What this task involves ::
Beginning with the line below that contains "Mario and Tippi Embrace in Lush Meadow" and ending with the line that contains "Pure Mulmul Cotton", copy every line exactly. Copy nothing else.

The data ::
* * * * *

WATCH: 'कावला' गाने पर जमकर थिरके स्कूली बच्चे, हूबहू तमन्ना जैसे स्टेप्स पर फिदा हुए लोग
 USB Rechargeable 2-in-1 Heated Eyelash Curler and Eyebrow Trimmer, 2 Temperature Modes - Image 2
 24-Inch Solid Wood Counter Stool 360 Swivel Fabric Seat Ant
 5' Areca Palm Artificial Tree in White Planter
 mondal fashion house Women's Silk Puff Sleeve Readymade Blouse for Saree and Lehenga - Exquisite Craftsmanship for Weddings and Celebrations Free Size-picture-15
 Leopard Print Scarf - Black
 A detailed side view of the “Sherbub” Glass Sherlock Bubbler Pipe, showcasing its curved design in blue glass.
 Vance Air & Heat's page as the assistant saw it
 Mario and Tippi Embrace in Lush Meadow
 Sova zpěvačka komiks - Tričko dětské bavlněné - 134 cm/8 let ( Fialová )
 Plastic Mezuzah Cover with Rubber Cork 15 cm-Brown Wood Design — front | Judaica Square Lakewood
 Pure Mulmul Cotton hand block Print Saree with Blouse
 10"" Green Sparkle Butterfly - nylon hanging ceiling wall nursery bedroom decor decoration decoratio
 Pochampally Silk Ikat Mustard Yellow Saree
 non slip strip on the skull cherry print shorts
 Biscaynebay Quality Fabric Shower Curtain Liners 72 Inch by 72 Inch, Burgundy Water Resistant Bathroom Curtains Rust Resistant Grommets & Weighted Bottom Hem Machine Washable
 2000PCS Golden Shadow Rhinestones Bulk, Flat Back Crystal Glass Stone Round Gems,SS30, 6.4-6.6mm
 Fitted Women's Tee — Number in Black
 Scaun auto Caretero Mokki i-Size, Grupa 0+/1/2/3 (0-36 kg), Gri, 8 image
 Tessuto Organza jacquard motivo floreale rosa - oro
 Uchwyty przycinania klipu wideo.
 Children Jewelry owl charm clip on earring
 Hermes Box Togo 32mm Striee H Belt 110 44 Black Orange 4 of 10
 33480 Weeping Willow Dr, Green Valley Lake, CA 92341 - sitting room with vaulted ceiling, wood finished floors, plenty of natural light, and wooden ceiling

* * * * *

Response area ::
 Mario and Tippi Embrace in Lush Meadow
 Sova zpěvačka komiks - Tričko dětské bavlněné - 134 cm/8 let ( Fialová )
 Plastic Mezuzah Cover with Rubber Cork 15 cm-Brown Wood Design — front | Judaica Square Lakewood
 Pure Mulmul Cotton hand block Print Saree with Blouse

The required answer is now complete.